→ Task statement
Below are records with pictures in them. Output exactly the lines from the one with "dinner set marble 72 pcs 6" through the one with "Incense Stick Holder Natural Chestnut wood", both included, and leave every picture out; give only those lines.

→ Supplied records
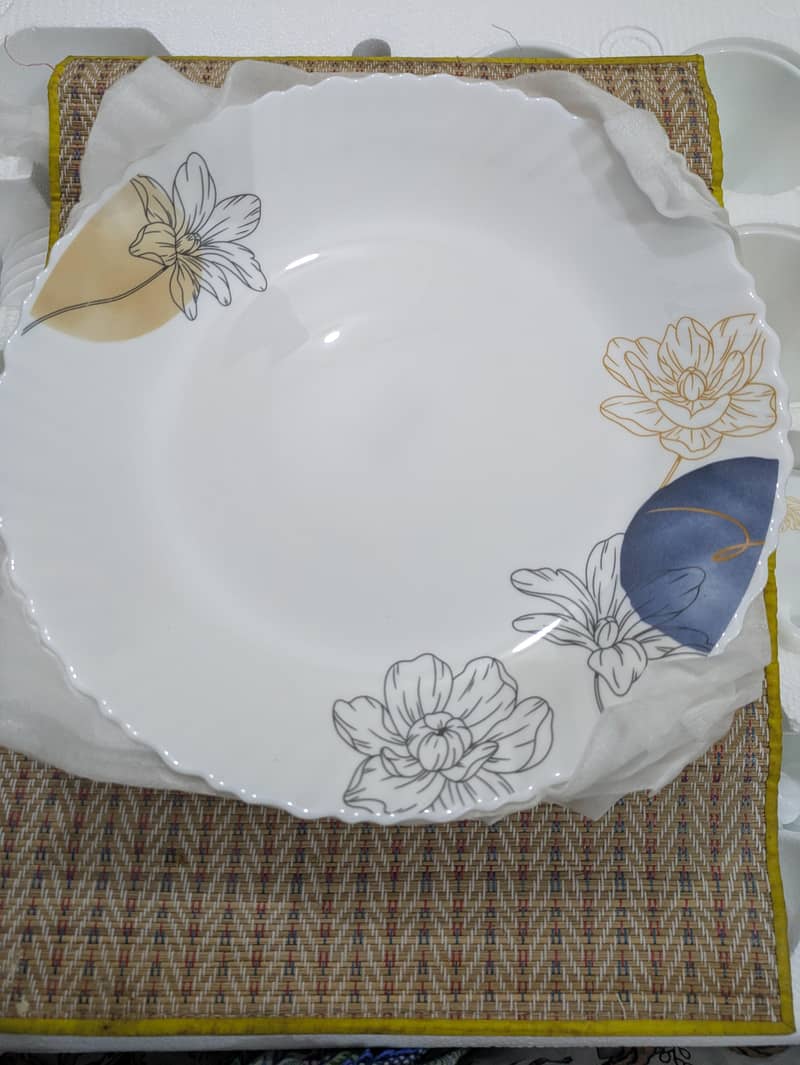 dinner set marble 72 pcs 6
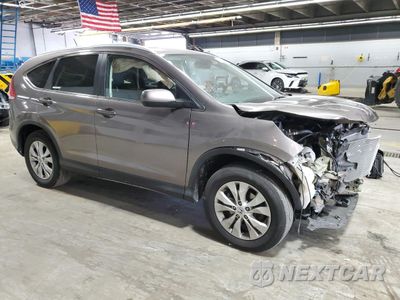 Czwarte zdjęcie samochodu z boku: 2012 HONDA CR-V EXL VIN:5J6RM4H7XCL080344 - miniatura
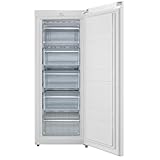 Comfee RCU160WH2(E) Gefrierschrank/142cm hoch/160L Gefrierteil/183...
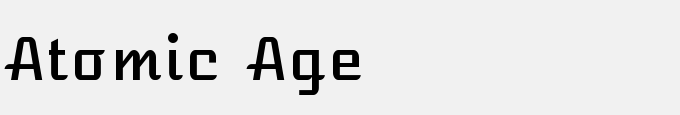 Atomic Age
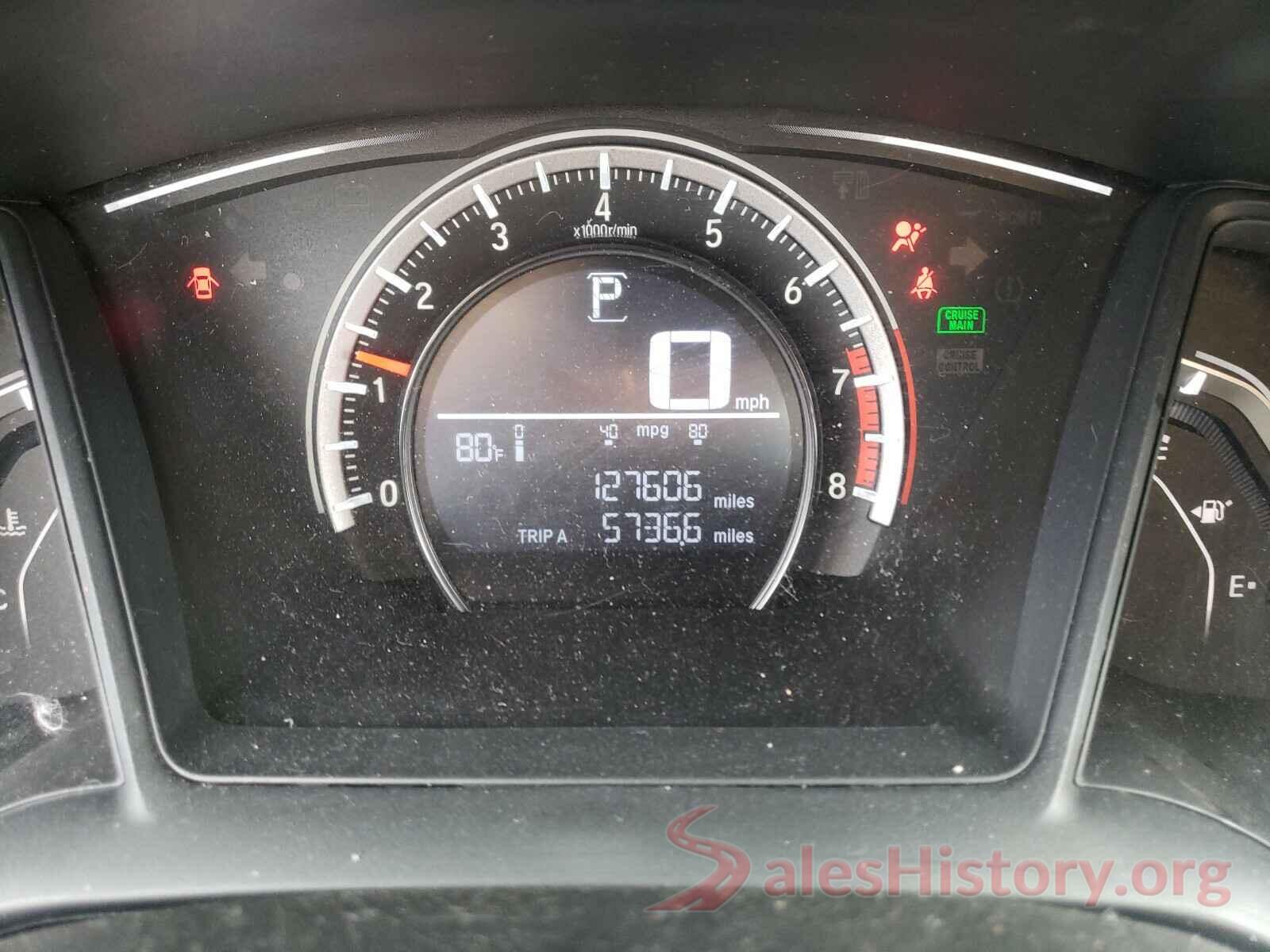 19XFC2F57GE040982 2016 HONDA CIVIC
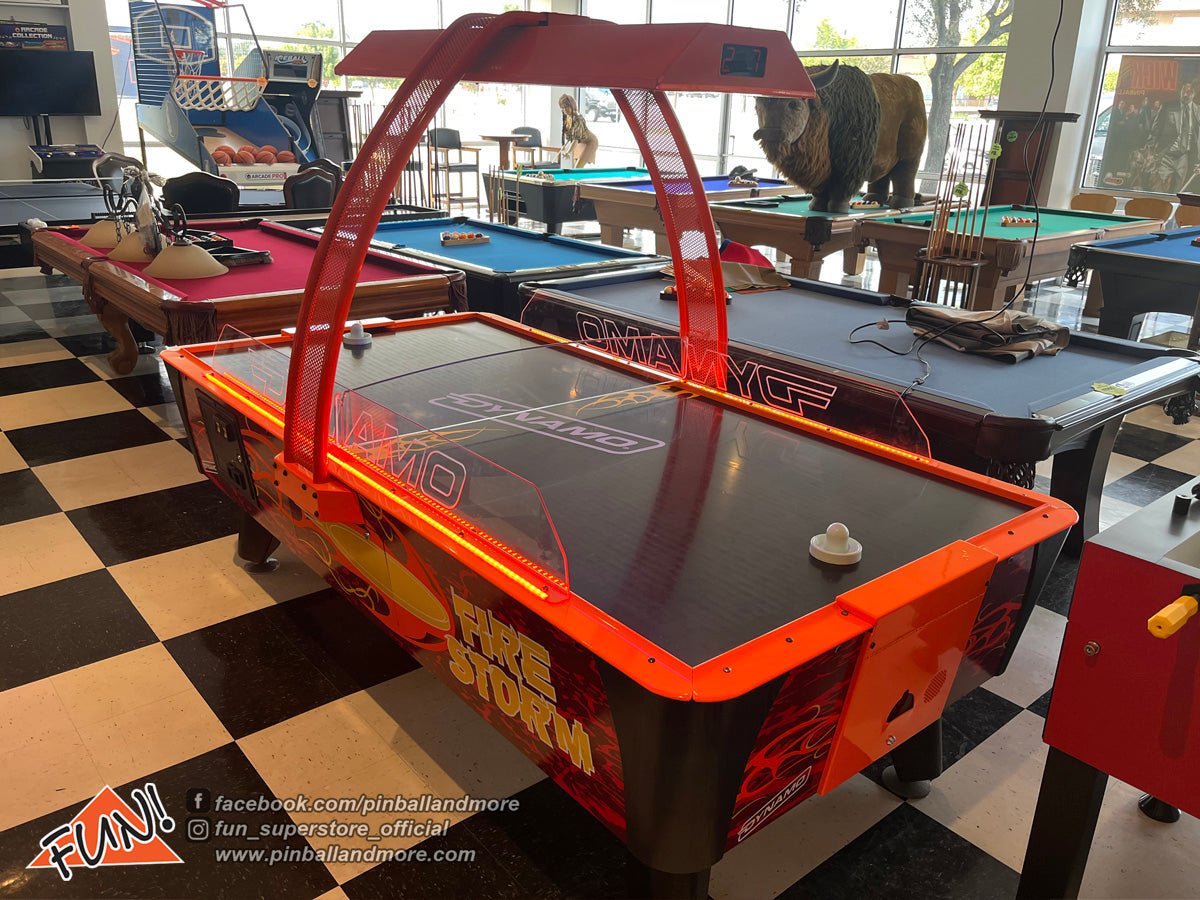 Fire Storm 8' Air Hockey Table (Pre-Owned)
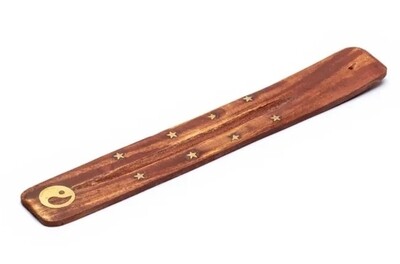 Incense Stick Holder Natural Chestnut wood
--
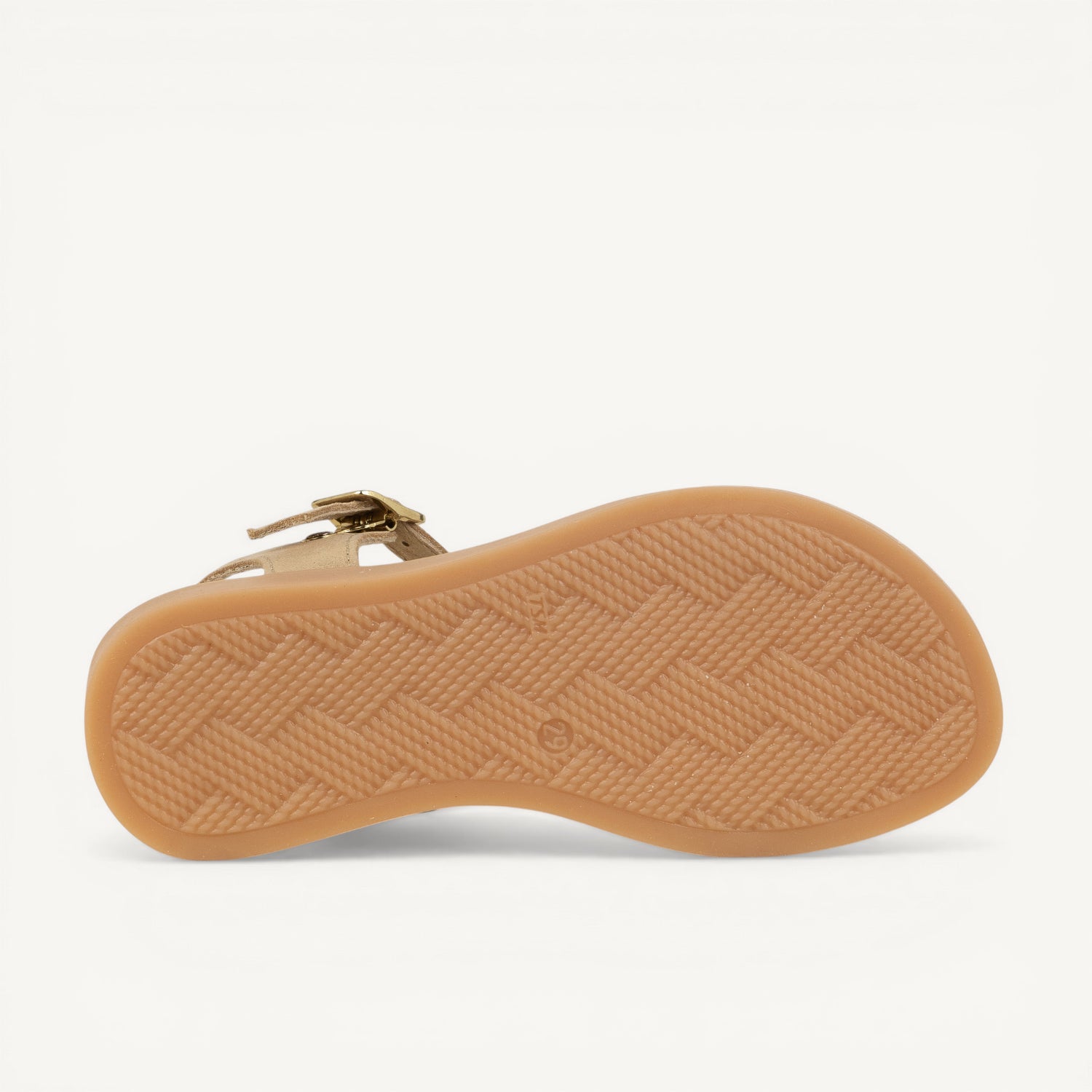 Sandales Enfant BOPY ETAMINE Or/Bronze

→ Reply
 dinner set marble 72 pcs 6
 Czwarte zdjęcie samochodu z boku: 2012 HONDA CR-V EXL VIN:5J6RM4H7XCL080344 - miniatura
 Comfee RCU160WH2(E) Gefrierschrank/142cm hoch/160L Gefrierteil/183...
 Atomic Age
 19XFC2F57GE040982 2016 HONDA CIVIC
 Fire Storm 8' Air Hockey Table (Pre-Owned)
 Incense Stick Holder Natural Chestnut wood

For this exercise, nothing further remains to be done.